Pandemia da Covid-19
Desde 2020, com a alta demanda provocada pela pandemia de Covid-19, o laboratório vem registrando um crescimento na procura pelos medicamentos fitoterápicos, segundo informações do TIMS. Entre os mais procurados estão o Calman (40%) e o Leite de Magnésia de Philips (131%), indicados para o tratamento de insônia, ansiedade e dores no estômago.
“A Aspen Pharma é mais um importante player instalado no Terminal, sobretudo nesse momento de pandemia sendo enfrentada. Para além da produção dos medicamentos, vale frisar a posição de escoamento: à beira de uma importante rodovia federal, a pouquíssimos minutos do aeroporto e também num raio próximo ao porto – isto é, produtos de saúde, de suas mais diversas vertentes, perto de tantos modais.

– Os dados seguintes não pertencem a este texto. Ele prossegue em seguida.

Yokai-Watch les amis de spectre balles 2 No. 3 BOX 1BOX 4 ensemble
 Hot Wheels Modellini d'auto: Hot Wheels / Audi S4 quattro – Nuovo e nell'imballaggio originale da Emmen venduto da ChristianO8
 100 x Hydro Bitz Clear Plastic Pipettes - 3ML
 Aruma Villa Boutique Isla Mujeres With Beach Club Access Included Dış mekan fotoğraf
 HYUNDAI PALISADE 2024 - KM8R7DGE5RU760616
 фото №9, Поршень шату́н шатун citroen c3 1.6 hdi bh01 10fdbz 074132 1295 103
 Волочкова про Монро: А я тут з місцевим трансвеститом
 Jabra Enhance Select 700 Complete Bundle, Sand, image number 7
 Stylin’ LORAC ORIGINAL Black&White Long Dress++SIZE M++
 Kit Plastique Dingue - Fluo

Todos ganham: o Espírito Santo, a economia e a população”, avaliou o diretor do TIMS, Gabriel Checon.

Investimentos em 2022
Com o avanço da vacinação no país e o cenário econômico favorável, a planta no Brasil planeja aproveitar o boom da procura pelos medicamentos fitoterápicos para investir R$ 50 milhões em tecnologia e na ampliação da fábrica instalada no ES, antecipando o aporte que estava previsto para ocorrer em cinco anos.
Com a ampliação, a empresa pretende iniciar em até três anos o processo de exportação de cremes anestésicos produzidos no Brasil para as filiais na América Latina, o que representará uma receita equivalente até 25% do faturamento.
Terminal Industrial
Gabriel Checon fez questão de ressaltar que no TIMS são implementadas empresas de diversos segmentos como: aço, alimentos, medicamentos, granitos, autopeças, transporte, logística, entre outras. O complexo abriga outros grandes players do mercado como Buaiz Alimentos, Sephora, Arcelor e Pimpolho.